I actually work for a company where Macs make up at least half of the total number of deployed machines.
But you know what? Apple is to blame, more than anyone else, for continually making a strong case for getting rid of Macs in the Enterprise and standardizing on Windows.
I mean, for starters, you've got Office 365 that STILL doesn't have feature parity between the Windows and the Mac versions. How come the Mac version isn't able to work with a .PST archive of email made on a Windows version of Outlook? There's currently no Mac solution for working with Excel spreadsheets containing VBA macros either.
And up until a few years go, you really could make a good cost justification for giving people Macs instead of Windows PCs.

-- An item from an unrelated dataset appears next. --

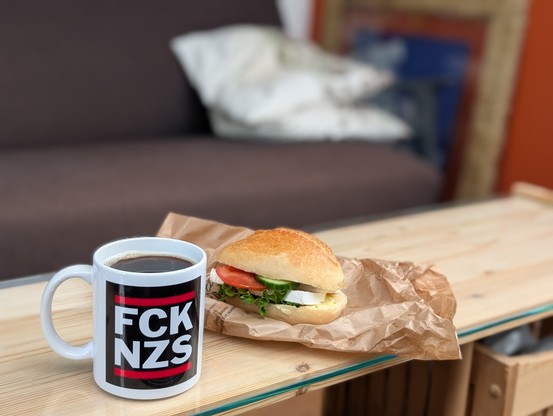 Eine Tasse Kaffee. Auf der ansonsten weißen Tasse steht in weißer Schrift auf schwarzem Grund FCKNZS. Neben der Tasse liegt auf einer Papiertüte ein Käse-Tomate-Brötchen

The Macbook Pros and Airs we deployed had held up great and Apple kept a lot of things consistent for years. (EG. If you invested in a set of Mini-DP to VGA/DVI/HDMI dongles for someone carrying an old Macbook Air from around 2011, they could get a newer Air in 2015 or 2016 and count on reusing them. Heck, with a little "shim" that sold for around $10, you could still use one of the old style Magsafe AC adapters with newer machines.)

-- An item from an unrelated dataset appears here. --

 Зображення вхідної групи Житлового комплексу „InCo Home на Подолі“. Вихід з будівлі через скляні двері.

These days? We have to pay a big premium for the newer Macbook Pros to get anything with a reasonable hardware configuration, and then, if a user breaks one, you usually may as well throw it out and buy a new one. The repair costs are insane, outside warranty. At least $600 or so for a new 13" LCD screen, if that's all that broke. And of course, none of our existing supply of dongles or spare power adapters work with them either.
Then, you get into the whole thing of central management. JAMF Pro is excellent for that, but $$$'s. We bought it and it looks like it'll do what we need. But at that price point, it almost should have been a universal, platform-independent tool. We have to pay double to buy another MDM solution for the Windows machines (probably Microsoft InTune) -- because InTune says it can manage Macs too, but not at more than a superficial level.